Progressivement, il attire l’attention de musiciens, parmi lesquels le batteur Aldo Romano, qui sera pour lui un mentor et dont le livre contient plusieurs témoignages émouvants. Pour Petrucciani, le succès est ensuite synonyme d’un départ pour les États-Unis, en Californie, où il se lie d’amitié avec le saxophoniste Charles Lloyd, qui décide grâce à lui de revenir sur le devant de la scène ; puis, à la fin des années 1980, à New York, où, seul Européen signé chez Blue Note, il fréquente le célèbre Village Vanguard.
Virtuosité de la main gauche
Dernières étapes dans son parcours, le livre s’intéresse ensuite au retour de Petrucciani en France et à son décès survenu le 6 janvier 1999. Lorsque Michel Petrucciani disparaît, il est âgé de 36 ans. Pour Médioni, sa carrière est celle d’un « pianiste pressé » qui, sachant que ses jours étaient comptés, a embrassé la musique avec frénésie pour en faire le plus et le plus tôt possible.
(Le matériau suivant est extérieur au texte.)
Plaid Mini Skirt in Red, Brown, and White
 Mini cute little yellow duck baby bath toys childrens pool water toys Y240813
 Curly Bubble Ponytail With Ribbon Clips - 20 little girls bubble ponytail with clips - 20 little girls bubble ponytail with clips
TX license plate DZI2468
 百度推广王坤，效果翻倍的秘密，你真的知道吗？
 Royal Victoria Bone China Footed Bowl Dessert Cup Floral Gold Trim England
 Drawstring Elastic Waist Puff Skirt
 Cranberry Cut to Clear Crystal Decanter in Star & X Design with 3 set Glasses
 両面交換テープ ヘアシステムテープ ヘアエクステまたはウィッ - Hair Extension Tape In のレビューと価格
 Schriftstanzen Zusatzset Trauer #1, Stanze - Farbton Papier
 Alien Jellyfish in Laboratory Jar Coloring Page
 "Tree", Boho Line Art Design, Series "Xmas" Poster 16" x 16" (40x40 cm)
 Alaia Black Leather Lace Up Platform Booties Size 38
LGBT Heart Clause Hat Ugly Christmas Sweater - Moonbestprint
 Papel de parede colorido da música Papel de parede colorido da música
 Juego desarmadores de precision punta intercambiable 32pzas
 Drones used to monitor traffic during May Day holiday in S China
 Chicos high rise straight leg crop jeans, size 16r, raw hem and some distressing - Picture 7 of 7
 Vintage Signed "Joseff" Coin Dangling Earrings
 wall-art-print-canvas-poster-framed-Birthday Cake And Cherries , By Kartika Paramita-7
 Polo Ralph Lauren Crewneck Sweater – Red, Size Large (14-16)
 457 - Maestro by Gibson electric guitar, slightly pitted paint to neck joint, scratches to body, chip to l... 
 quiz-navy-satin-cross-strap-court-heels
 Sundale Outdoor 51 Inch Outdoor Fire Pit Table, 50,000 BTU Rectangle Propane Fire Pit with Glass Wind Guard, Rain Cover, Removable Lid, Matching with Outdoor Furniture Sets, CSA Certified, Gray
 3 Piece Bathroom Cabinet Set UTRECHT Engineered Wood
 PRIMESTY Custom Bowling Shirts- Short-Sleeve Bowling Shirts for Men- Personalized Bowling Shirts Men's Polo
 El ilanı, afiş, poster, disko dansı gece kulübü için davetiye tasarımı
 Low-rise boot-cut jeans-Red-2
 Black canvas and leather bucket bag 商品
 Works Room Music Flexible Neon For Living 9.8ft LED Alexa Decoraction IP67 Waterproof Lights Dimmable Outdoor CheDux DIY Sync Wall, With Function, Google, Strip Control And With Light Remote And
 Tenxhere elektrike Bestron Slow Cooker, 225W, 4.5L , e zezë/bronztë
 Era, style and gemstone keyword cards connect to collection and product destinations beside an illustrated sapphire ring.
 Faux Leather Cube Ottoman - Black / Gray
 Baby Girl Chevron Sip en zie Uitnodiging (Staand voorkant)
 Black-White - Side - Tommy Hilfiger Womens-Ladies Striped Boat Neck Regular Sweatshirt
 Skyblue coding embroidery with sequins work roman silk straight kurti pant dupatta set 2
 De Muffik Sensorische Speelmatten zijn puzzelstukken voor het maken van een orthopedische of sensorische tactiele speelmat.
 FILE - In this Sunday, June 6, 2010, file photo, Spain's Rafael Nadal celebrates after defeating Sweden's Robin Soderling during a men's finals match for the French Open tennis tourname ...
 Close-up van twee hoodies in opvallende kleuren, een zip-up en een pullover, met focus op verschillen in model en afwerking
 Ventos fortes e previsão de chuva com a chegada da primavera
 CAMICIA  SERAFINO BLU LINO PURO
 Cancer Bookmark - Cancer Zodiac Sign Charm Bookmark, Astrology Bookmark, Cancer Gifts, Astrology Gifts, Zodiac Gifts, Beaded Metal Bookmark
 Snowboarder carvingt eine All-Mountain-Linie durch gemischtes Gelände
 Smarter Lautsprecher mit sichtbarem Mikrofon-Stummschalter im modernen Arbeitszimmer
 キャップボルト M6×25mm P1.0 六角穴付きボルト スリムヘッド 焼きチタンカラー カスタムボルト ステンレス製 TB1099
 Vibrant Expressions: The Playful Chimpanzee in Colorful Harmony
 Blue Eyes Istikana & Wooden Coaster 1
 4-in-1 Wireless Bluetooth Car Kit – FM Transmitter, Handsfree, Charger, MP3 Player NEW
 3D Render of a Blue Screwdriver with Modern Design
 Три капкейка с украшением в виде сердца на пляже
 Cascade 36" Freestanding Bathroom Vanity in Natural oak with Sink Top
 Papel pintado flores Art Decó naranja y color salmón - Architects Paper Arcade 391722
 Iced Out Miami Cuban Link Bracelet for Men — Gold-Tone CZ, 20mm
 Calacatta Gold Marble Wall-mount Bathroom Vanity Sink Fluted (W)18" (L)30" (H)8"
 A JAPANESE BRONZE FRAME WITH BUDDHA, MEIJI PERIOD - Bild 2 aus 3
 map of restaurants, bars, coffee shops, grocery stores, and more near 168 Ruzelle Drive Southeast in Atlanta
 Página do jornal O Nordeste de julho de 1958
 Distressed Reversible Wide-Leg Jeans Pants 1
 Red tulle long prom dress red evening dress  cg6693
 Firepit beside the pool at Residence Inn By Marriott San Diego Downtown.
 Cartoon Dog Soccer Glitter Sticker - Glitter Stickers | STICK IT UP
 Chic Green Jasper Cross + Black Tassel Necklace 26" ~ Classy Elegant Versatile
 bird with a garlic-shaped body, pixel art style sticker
Au cœur du livre, un chapitre retient l’attention. Intitulé « Piano Presto Agitato », il propose une analyse concrète du jeu de Petrucciani, de ses efforts pour dompter son piano imposant, un requin pour lui, de la virtuosité de sa main gauche et de la manière dont son style a évolué avec les années, allant vers plus de simplicité. C’est dans ce chapitre que l’analyse de Médioni est la plus forte, lorsque l’on quitte la biographie factuelle pour réfléchir aux liens entre corps, existence et pratique de la musique.